[Opening EXERCISE DATA section]

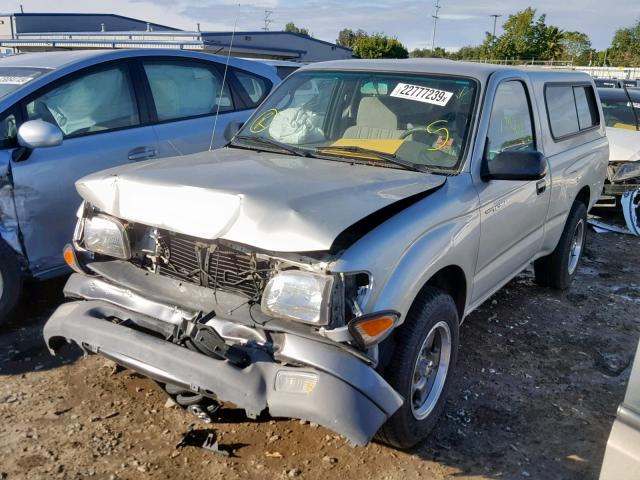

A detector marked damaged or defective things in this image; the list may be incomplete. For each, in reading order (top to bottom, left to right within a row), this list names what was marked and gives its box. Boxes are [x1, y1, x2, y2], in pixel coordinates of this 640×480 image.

bent hood [76, 147, 444, 251]
bent hood [608, 126, 640, 162]
broken headlight [608, 162, 640, 183]
broken headlight [82, 213, 132, 258]
damaged grille [156, 231, 268, 298]
damaged front end [43, 203, 404, 446]
damaged front of minivan [43, 62, 484, 448]
broken headlight [262, 270, 338, 326]
crushed front bumper [45, 296, 402, 446]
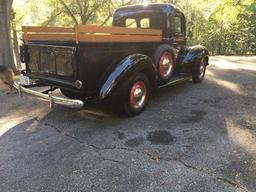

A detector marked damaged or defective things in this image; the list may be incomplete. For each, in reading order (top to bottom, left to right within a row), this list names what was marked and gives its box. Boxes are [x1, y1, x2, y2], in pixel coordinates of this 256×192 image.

cracked asphalt pavement [0, 56, 255, 191]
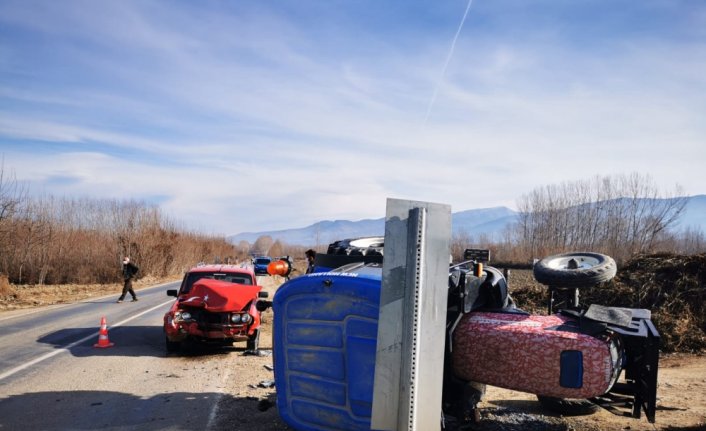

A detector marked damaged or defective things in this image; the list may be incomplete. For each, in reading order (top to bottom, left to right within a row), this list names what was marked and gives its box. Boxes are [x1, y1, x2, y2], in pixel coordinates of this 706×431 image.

damaged red car [164, 264, 268, 354]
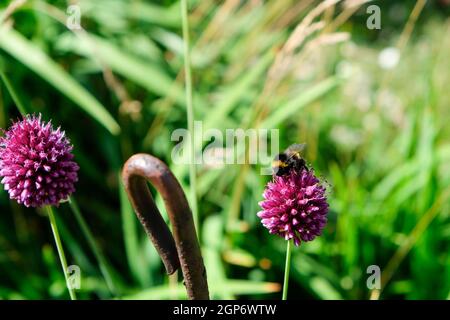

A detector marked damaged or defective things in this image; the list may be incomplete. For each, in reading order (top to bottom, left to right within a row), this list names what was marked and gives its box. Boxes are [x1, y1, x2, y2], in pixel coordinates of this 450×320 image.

rusty curved metal stake [121, 154, 209, 298]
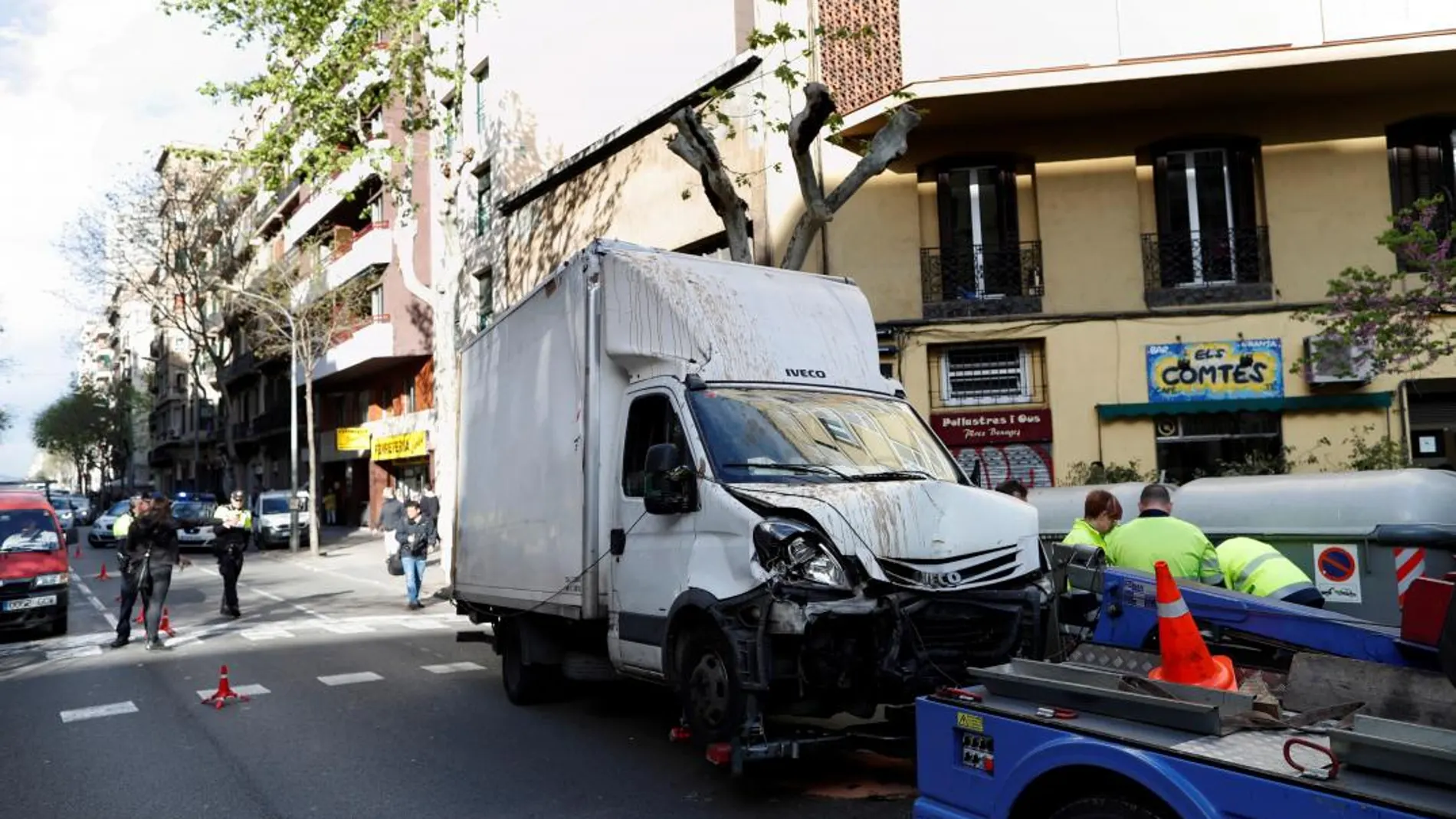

[Closing EXERCISE DATA section]

PROBLEM TO SOLVE: Write the data above out again exactly, minus its pictures.

THE ANSWER:
A detector marked damaged or defective things in this image; the list may be incomplete. For each, in reading order (top to bottom, left to right within a row), this list names what was marked and gives its box. Boxes are [x1, y1, x2, y2], in pixel coordinates of this 640×480 image.

bent hood [76, 147, 444, 251]
bent hood [608, 126, 640, 162]
broken headlight [608, 162, 640, 183]
broken headlight [82, 213, 132, 258]
damaged grille [156, 231, 268, 298]
damaged front end [43, 203, 404, 446]
damaged front of minivan [43, 62, 484, 448]
broken headlight [262, 270, 338, 326]
crushed front bumper [45, 296, 402, 446]

A detector marked damaged or defective things in this image; the list may be incomplete. For each, in reading order (top to bottom, left to right within a row), this list names what was marked and gives its box. Boxes are [x1, y1, x2, y2], in pixel coordinates of this 256×192 image.

cracked asphalt pavement [0, 56, 255, 191]

A detector marked damaged or defective things in this image; the list may be incomplete. For each, in reading order (top to bottom, left to right within a row), this list names what was marked and gives its box. Boxes are [x1, y1, x2, y2], in pixel coordinates of this 706×431 image.

damaged red car [164, 264, 268, 354]

A detector marked damaged or defective things in this image; the list may be incomplete. For each, in reading order (top to bottom, left to right within a row), this list names what was marked and gives its box. Boxes are [x1, y1, x2, y2], in pixel coordinates of this 450×320 image.

rusty curved metal stake [121, 154, 209, 298]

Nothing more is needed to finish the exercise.